After the U.S. decision, the Paris initiative includes all but three countries. Even North Korea signed on, and of the other two countries that opposed it, one (Nicaragua) refused to join because its government thought the accord did not go far enough.
That leaves Washington in the august company of only Syria in rejecting the agreement and the climate change argument that goes along with it. For its part, international sanctions made it difficult for Damascus to send an official delegation, while the civil war at home prompted the Assad regime to reject any limitations on Syrian energy use.
The net impact from the departure on the American domestic market remains unknown. The debate over whether the climate accord would actually cost any jobs remains ongoing. But for what it’s worth, the trajectory has actually been in the other direction.

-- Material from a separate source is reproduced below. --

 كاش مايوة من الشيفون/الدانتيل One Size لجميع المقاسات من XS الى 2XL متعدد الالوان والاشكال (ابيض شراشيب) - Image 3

Renewables are Generating More Jobs than Traditional Energy
Recently released Energy Information Administration (EIA) estimates for 2016 show 373,807 jobs nationwide in solar, 101,738 in wind power, 130,677 in bioenergy, 65,554 in hydroelectric, and 5,768 in geothermal. Renewables now exceed the total employed in both the oil industry (515,518) and the coal extraction/power generation sector (160,119).

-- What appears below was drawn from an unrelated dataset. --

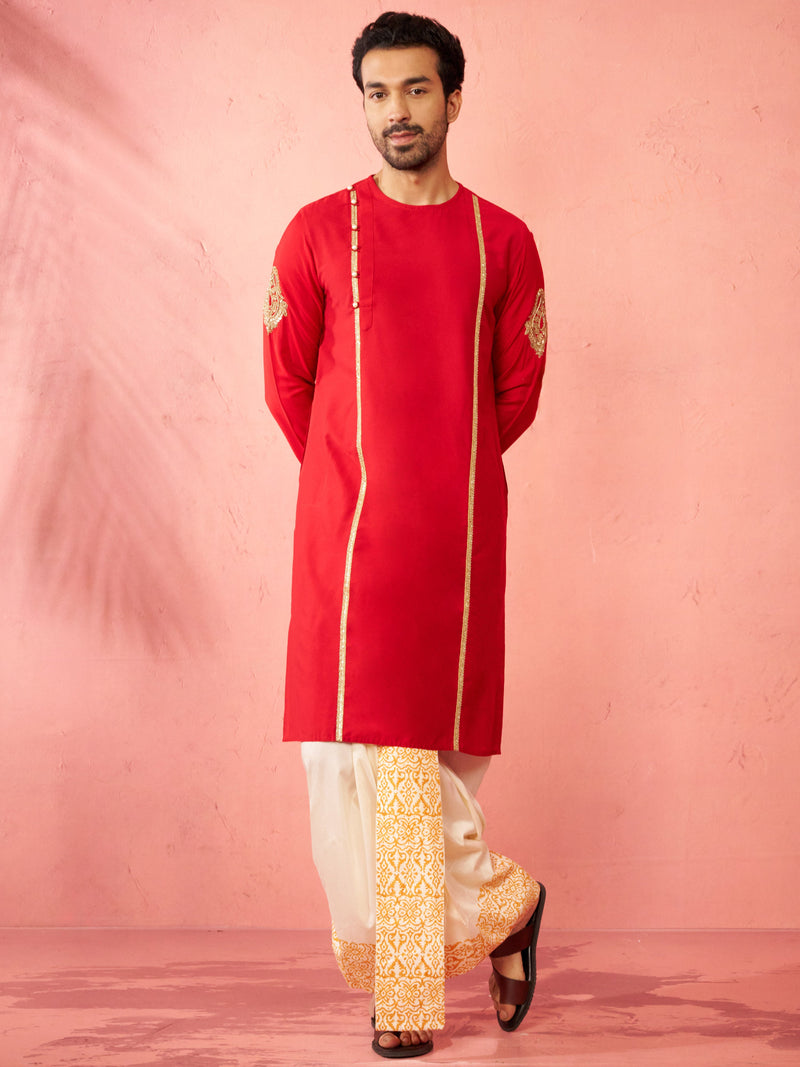 Mens Red Zardozi Kurta Cream Dhoti Set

By expanding the broader economic impact, the rising ascendency of clean energy is even more paramount. The EIA reported 3,384,834 Americans were directly employed by the clean energy industry (which includes the energy efficiency, smart grid, and energy storage industries; electric power generation from renewables; renewable fuels production; and the electric, hybrid, and hydrogen-based vehicle industries).

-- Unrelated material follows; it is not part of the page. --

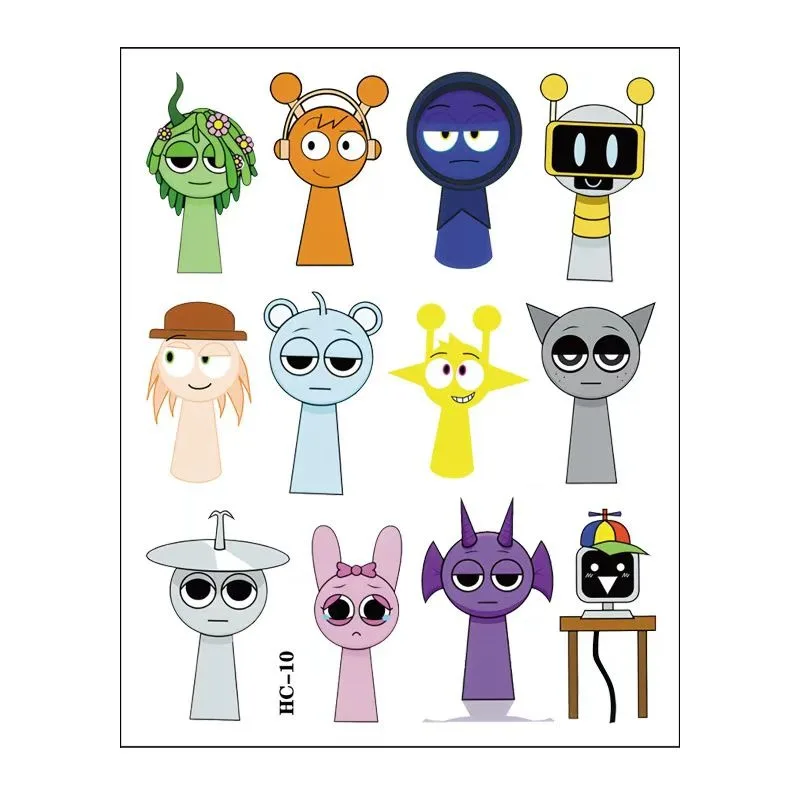 Sprunki Sticker Kind Tijdelijke Tates Waterdicht Verjaardagsfeestje Anime Sticker Cool Cosplay Decoratie Meisjes Jongens Cadeau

Meanwhile, the International Renewable Energy Agency (IRENA) estimated there were 8,079,000 direct and indirect jobs in renewable energy worldwide, with China, Brazil, the United States, and India among the leaders.
By comparison, the EIA estimates that 2,989,844 Americans were directly employed by the fossil fuel industry (which includes fuels and electric power generation from coal, natural gas, and petroleum; and the manufacturing of gasoline and diesel-powered vehicles and their component parts).
And then there are the prospects of continued capital investment in renewables and clean energy applications. It is here that some pundits have suggested the effect of the Washington decision would have its greatest weight.
Clean Energy Investment Continues, With or Without D.C.
But apparently not – at least to date.
The departure of government subsidies in some states, the continuation in others (California, in particular), and the commitment by state and city officials throughout the country to continue the Paris standards, have combined to provide an interesting picture.
Solar and wind now have achieved grid parity with both coal and natural gas in many regions of the country. That means the move in their direction is continuing as levels of efficiency begin to kick in. But the real story may be elsewhere.
When clean energy initiatives encompass moves to increase efficiency in energy usage – smart grids, building construction, insulation, and the like – U.S. investment is actually increasing to include new real estate investment trust (REIT) and limited partnership clones.
The issue may instead be funding the next generation of renewable breakthroughs. Most of the American-based investment is focused on current status projects. The intensive capital infusions necessary for genuine next level innovations are more problematic.
This is where the real result from the U.S. departure from the Paris Accord may well be experienced.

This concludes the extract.